### Exercise description
Copy the material below verbatim from the line with "Gartenhotel Fettehenneの写真" to the line with "Toner compatible Kyocera", both lines included, omitting pictures and every line outside that range.

### Extracted records
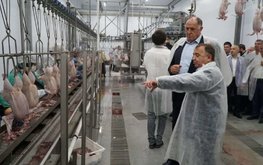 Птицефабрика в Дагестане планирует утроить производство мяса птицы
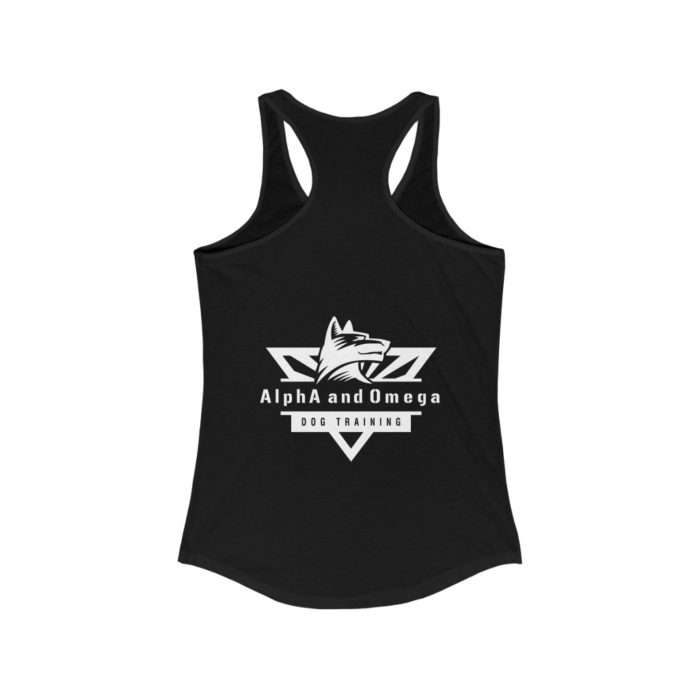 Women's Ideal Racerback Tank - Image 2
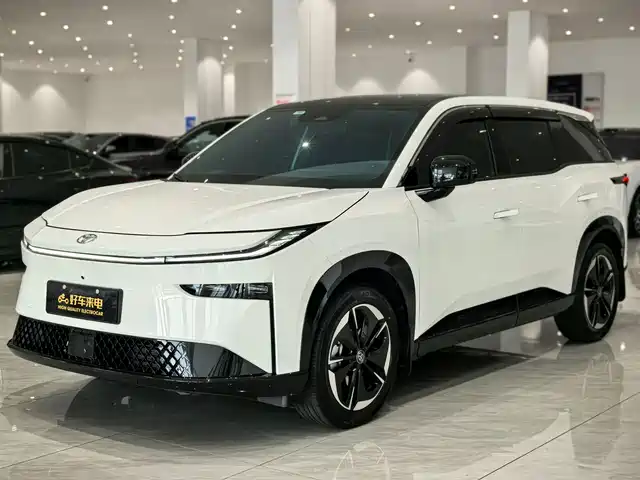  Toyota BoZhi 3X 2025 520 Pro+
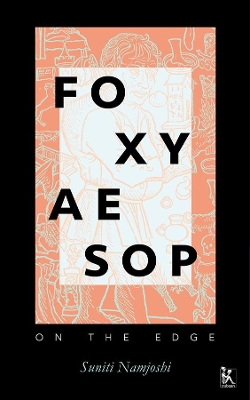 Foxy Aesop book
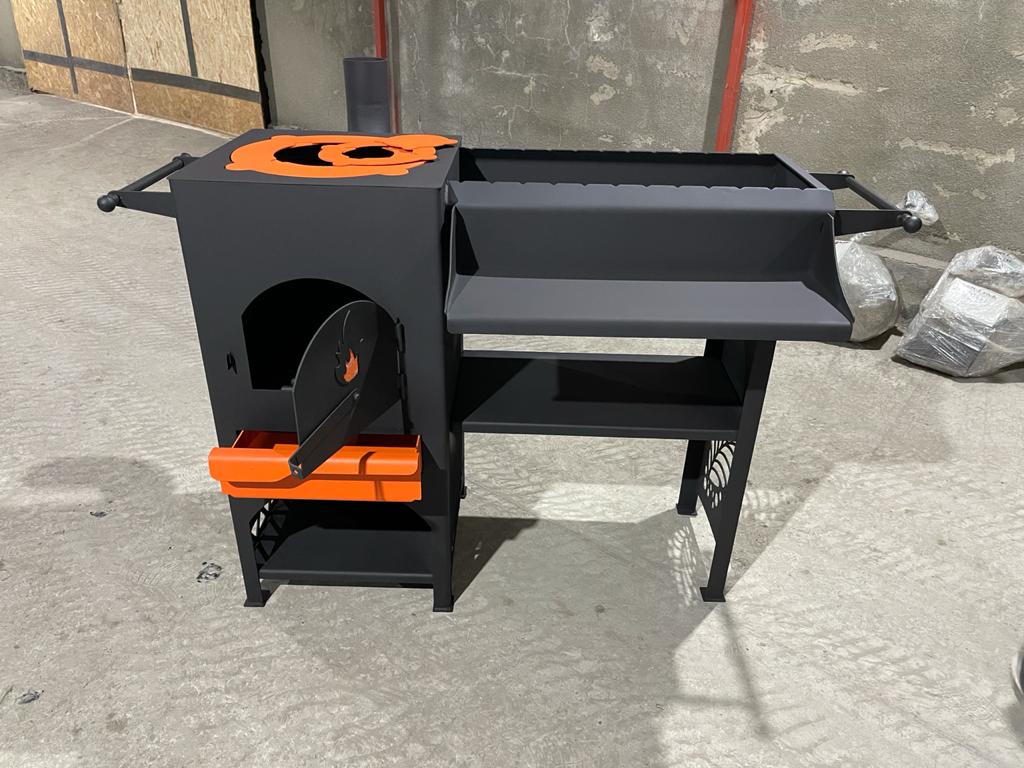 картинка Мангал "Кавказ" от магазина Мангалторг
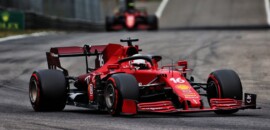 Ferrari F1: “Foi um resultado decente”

...

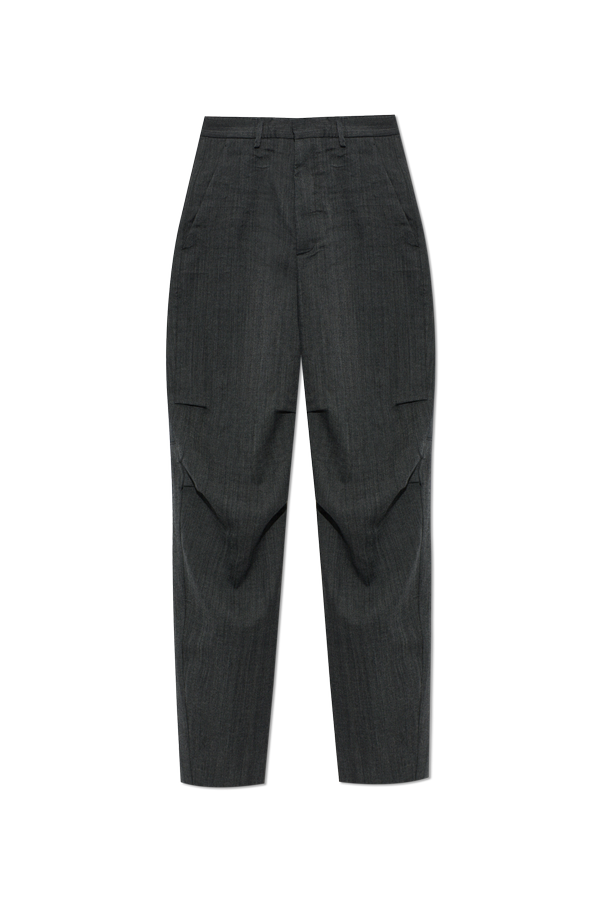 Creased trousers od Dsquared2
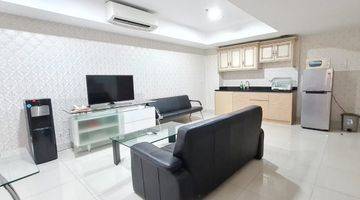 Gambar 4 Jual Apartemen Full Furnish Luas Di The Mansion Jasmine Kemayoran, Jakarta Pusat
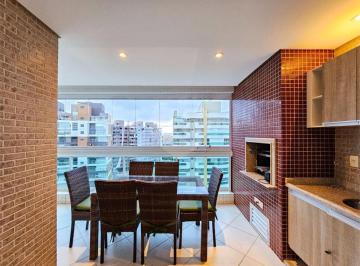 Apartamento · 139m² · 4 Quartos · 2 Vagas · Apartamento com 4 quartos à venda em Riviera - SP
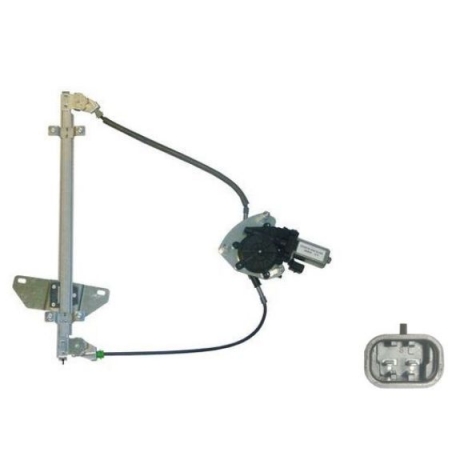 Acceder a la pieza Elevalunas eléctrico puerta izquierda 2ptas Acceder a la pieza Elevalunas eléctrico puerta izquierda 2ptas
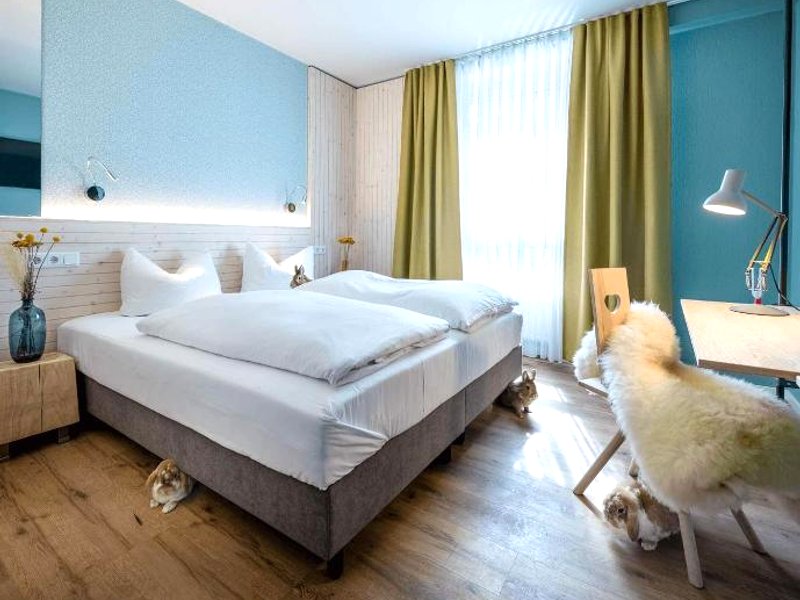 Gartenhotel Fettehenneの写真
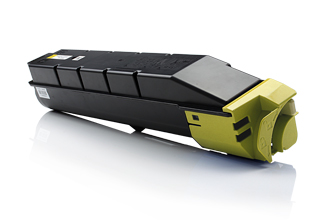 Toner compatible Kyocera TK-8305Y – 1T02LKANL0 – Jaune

### Written response
 Gartenhotel Fettehenneの写真
 Toner compatible Kyocera TK-8305Y – 1T02LKANL0 – Jaune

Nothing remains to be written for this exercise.